For me “2020” is the culmination of four years reporting in America, traversing this vast nation under Trump and trying to work out just what in the hell is going on. More than that though, “2020” is the result of half a lifetime spent following American politics far more closely than I probably ought to have done.

The sheer scale of a presidential election, and the vastness of the stakes, has fascinated me ever since the Florida recount-palooza that was George W. Bush vs Al Gore in 2000. Later came Barack Obama in 2008, an obligatory fascination with all seven seasons of The West Wing, then finally Donald Trump in 2016, when things got hella weird and I first arrived in America.

josh glancy politics

Our man in the swamp Josh Glancy. Illustration by Ryan McCamis.

This time though, in my own tiny and peripheral way, I’m a participant in the greatest shitshow on earth. Now I’m in the ring. First come the February primaries, in careful sequence: Iowa, then New Hampshire, then Nevada and beyond, all of them hallowed names in the political pantheon.

Is it as glamorous as one might hope? Of course not. Life on the campaign trail is a carousel of overcrowded shuttle flights and bland Holiday Inn rooms with appalling carpets. Of rubbery scrambled eggs and soggy granola at 7am. Of being perpetually surrounded by screens showing CNN and its absurd multi-layered panels of meretricious politicos. And of waiting around endlessly for the bloody candidates to show up.

You start to see the same faces on the trail. Again and again the media troop into gymnasiums, town halls and diners to watch career politicians insist that they are not, in fact, career politicians and must be sent to the White House immediately to rescue America from the big bad tangerine man.

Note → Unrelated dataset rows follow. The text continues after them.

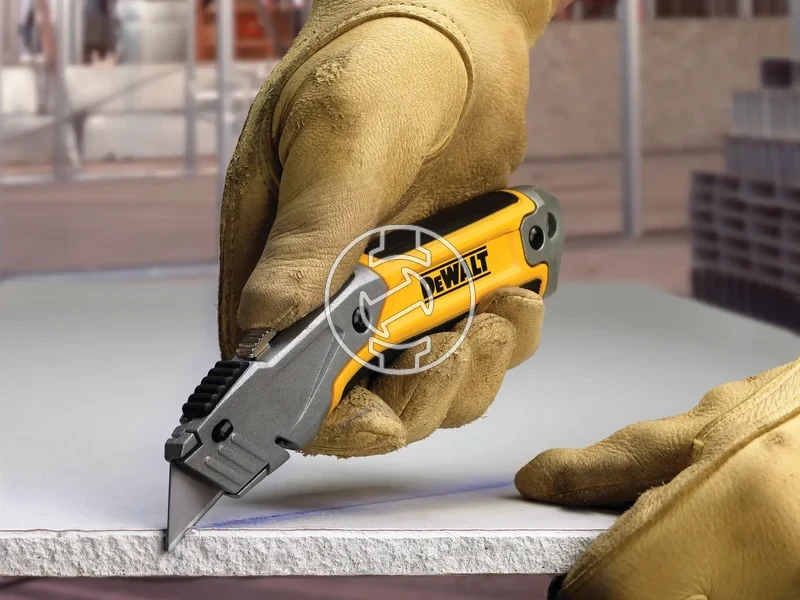 Kép: DeWalt Osszecsukhato kes_3.webp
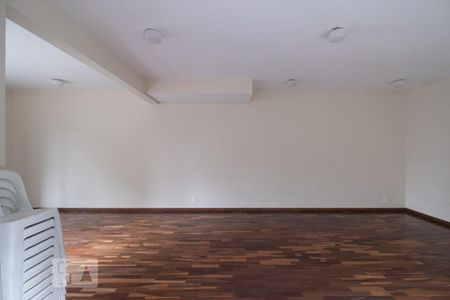 Apartamento para alugar com 58m², 2 quartos e 1 vagaÁrea comum - salão de festas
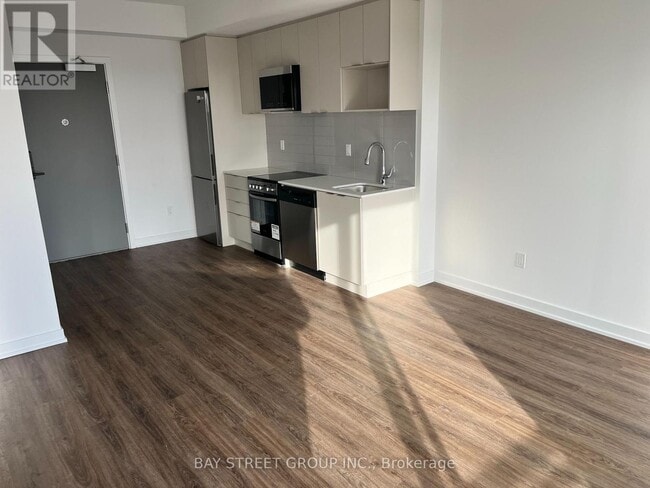 Photo - 4569 Kingston Rd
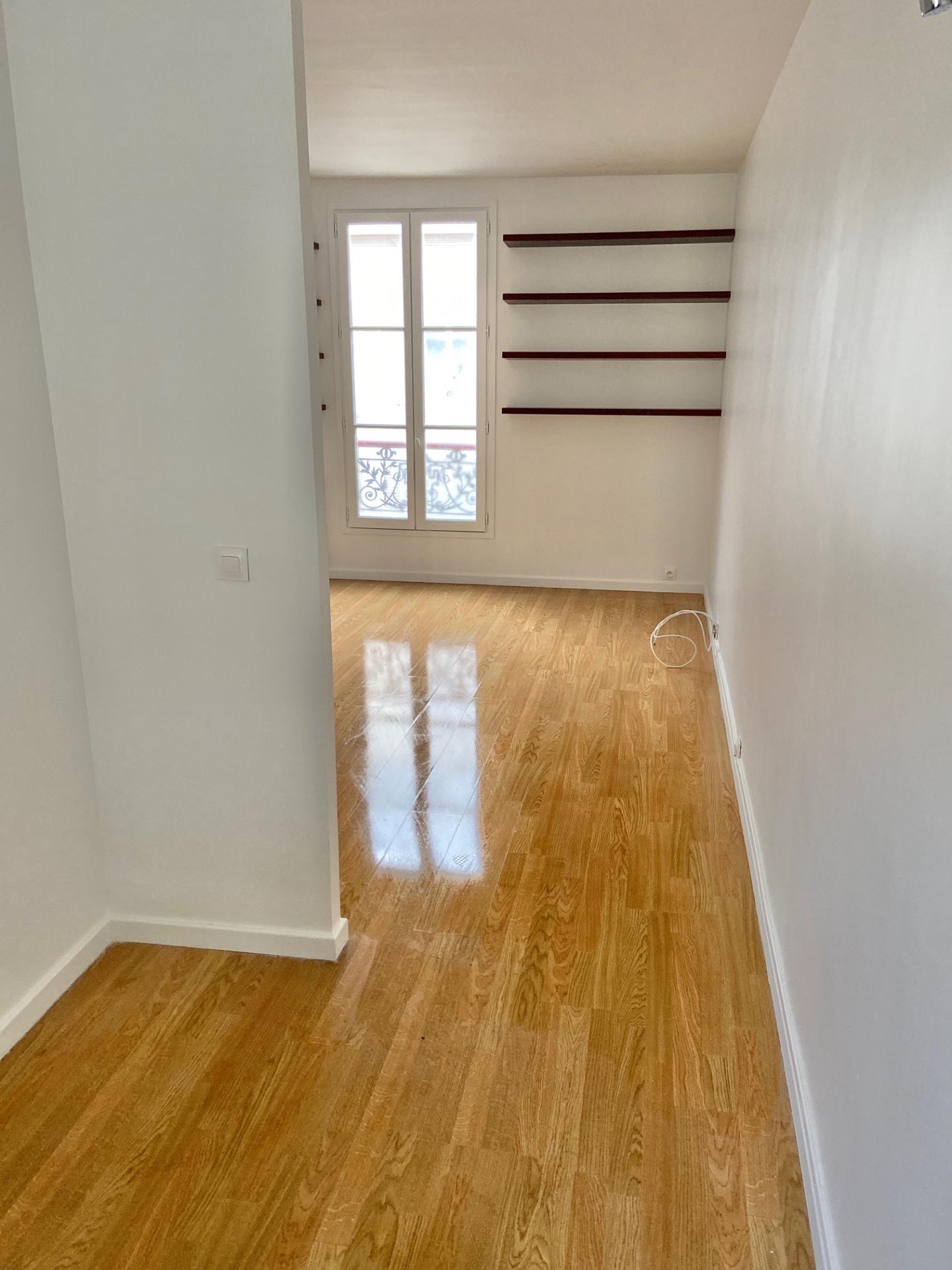 75017 - Rue de Lévis  - STUDIO - 27m2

"Just occasionally, though, the campaign delivers the kind of rough-hewn glamour that you hoped for"

There’s the hot presenter from MSNBC, who glows suspiciously in the drab February light. And that old codger with a broken foot, hobbling around at every event dispensing wisdom from the ’72 McGovern campaign. There are the young bucks from Buzzfeed, smug long-formers from the Atlantic and the New Yorker and those earnest, ubiquitous Japanese camera crews, explaining the intricacies of the Iowa caucus to audiences in Nagasaki.

Just occasionally, though, the campaign delivers the kind of rough-hewn glamour that you hoped for. Late night beers and pizza in a dive bar, hacks gathering round to trade unprintable gossip and campaign war stories. These evenings resemble your Twitter feed made flesh; all those familiar faces, slightly chubbier and less perky than in their profile pictures, working the bar, searching carefully for the right conversation to join.

The whole thing is of course a ridiculous circus. The politicians preen and lie and grapple for supremacy, and the media chivvy the horserace along desperately hunting for a narrative to flog.

campaign trail

But there is one bright spot. One thing that makes the prospect of yet another night eating peanuts alone in yet another sad hotel room not completely miserable.

You’ll have to forgive my cheesiness here, but the voters rescue it. The people you meet at events, locals and visitors both, who queue and clap and question and smile sweetly when you become the fourth reporter in an hour to ask them who they are voting for.

People like Diane Bear, a 76-year-old retiree who teamed up with her friends to travel from Oregon to frigid Iowa, just to listen to the candidates and see what they have to say. “It’s not the same until you’ve shaken their hand,” she said.

"Life on the campaign trail is a carousel of overcrowded shuttle flights and bland Holiday Inn rooms with appalling carpets"

Or Valerie Cadugan, an advertising executive who took her 17-year-old daughter Amy to see Pete Buttigieg speak in Merrimack, New Hampshire, queueing for an hour in -10C because she wanted Amy to see what democracy looks like. The hall was full, they never got in. “We’ll come back another time,” Valerie smiled. Amy looked less sure.

For all America’s dysfunction, there is, at least in these early primary states, a genuine fascination with the government of this vast democratic experiment. There’s real patriotism, community and political engagement. People really care. They want better lives and a better country. To me that’s irresistible.

I’ve wanted to cover an American election for so long, the reality has inevitably been a little deflating at times; age and cynicism demands it must be so. But the people actually participating in this grand poll of polls, they’ve matched all my expectations. They are what will get me through this longest of years.